Leave every picture out and print exactly the lines that run from the one containing "wears(ウェアーズ)の「" to the end of the listing.
-------
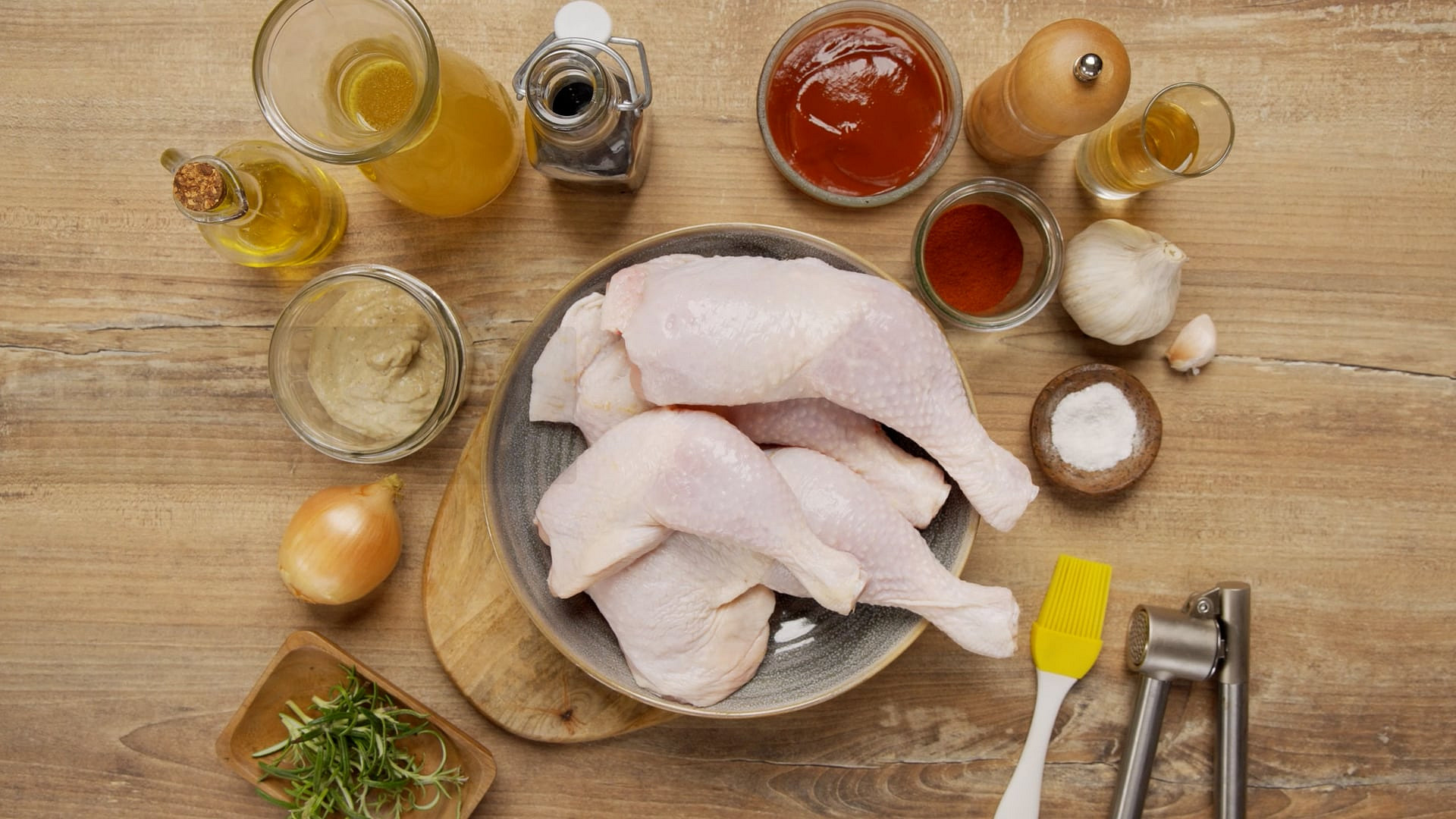 jak vyudit kuřecí stehna v domácí udírně? poradíme, jak maso naložit i vyudit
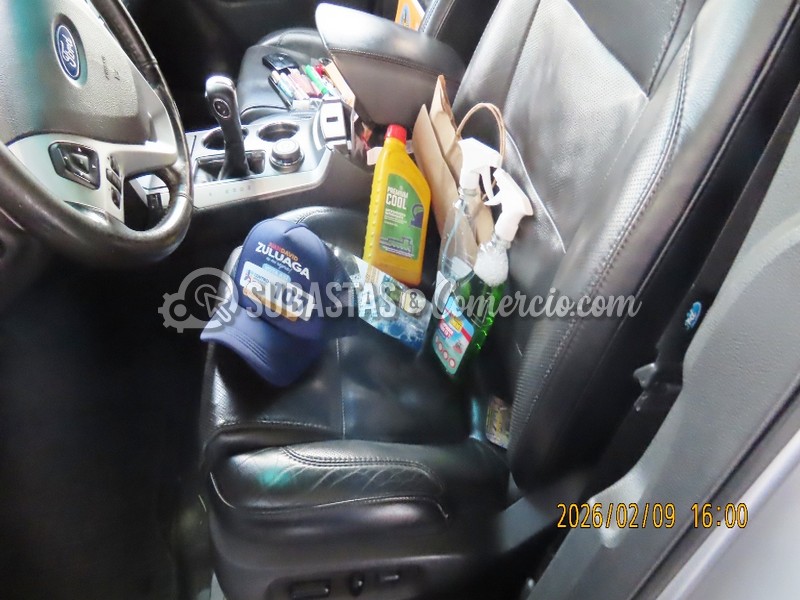 salvamento_ford_explorer_limited_-_2013_-_628_-_guarne__20_.jpg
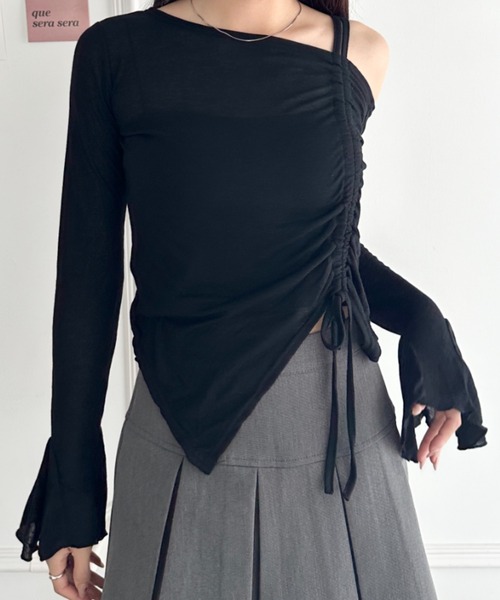 wears(ウェアーズ)の「ワンオフショルダー サイドギャザー袖フリルトップス(Tシャツ/カットソー・レディース・グレー/ブラック/ホワイト・FREE)」の11枚目の写真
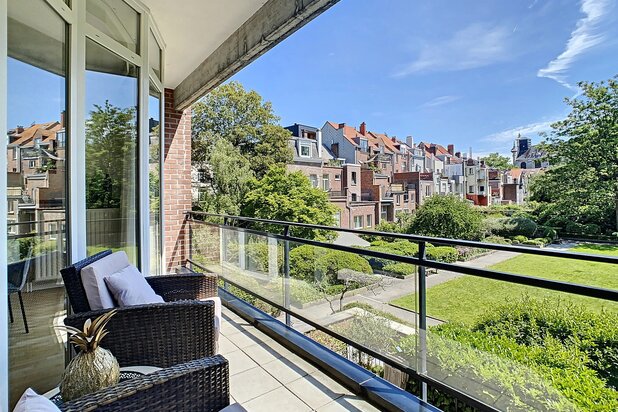 Louise/Châtelain: Beautiful furnished apartment + terrace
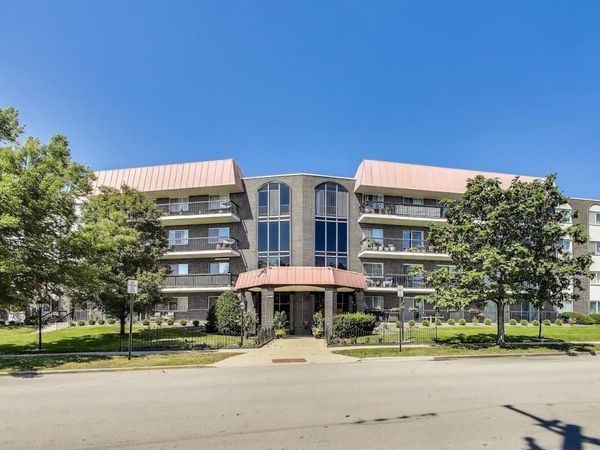 4840 Foster Street , Unit 103, Skokie, IL 60077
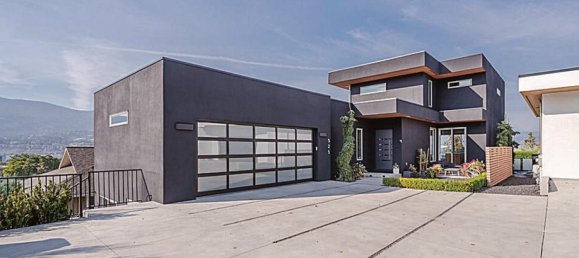 4 bedrooms House in British Columbia, Canada No. 1176 5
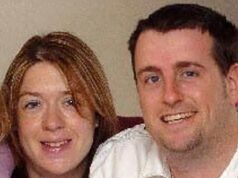 Pai de três filhos ADMITE ter drogado e estuprado sua esposa com outras pessoas em uma angustiante campanha de abuso que se estendeu por 13 anos, enquanto ele se declara culpado de 48 crimes Pai de três filhos, PhiliIp Young foi acusado de 56 crimes sexuais contra sua ex-esposa Joanne, de 48 anos, durante um período de 13 anos.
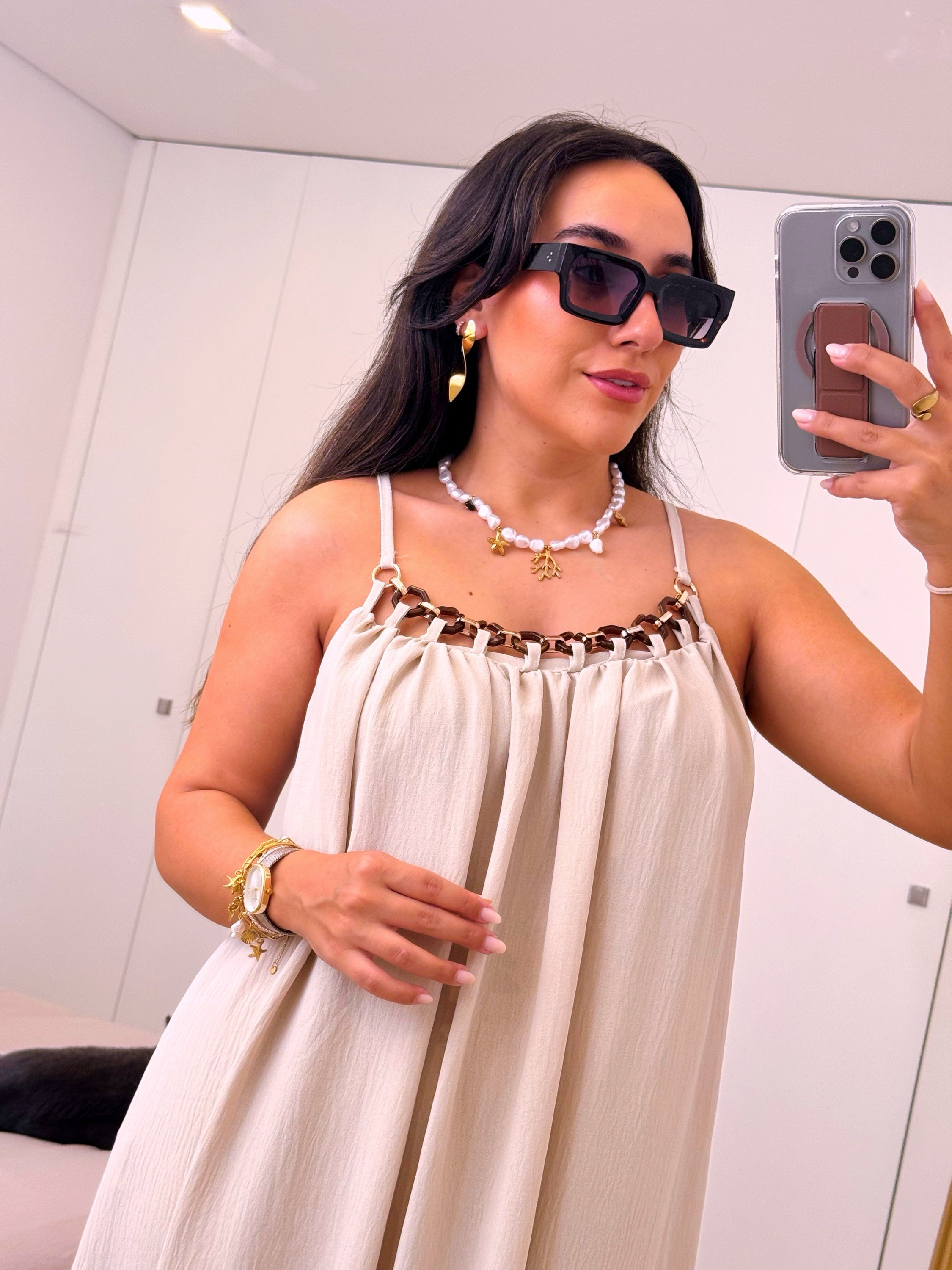 Vestido longo com corrente dourada e castanha | Bege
-------
Task solution:
 wears(ウェアーズ)の「ワンオフショルダー サイドギャザー袖フリルトップス(Tシャツ/カットソー・レディース・グレー/ブラック/ホワイト・FREE)」の11枚目の写真
 Louise/Châtelain: Beautiful furnished apartment + terrace
 4840 Foster Street , Unit 103, Skokie, IL 60077
 4 bedrooms House in British Columbia, Canada No. 1176 5
 Pai de três filhos ADMITE ter drogado e estuprado sua esposa com outras pessoas em uma angustiante campanha de abuso que se estendeu por 13 anos, enquanto ele se declara culpado de 48 crimes Pai de três filhos, PhiliIp Young foi acusado de 56 crimes sexuais contra sua ex-esposa Joanne, de 48 anos, durante um período de 13 anos.
 Vestido longo com corrente dourada e castanha | Bege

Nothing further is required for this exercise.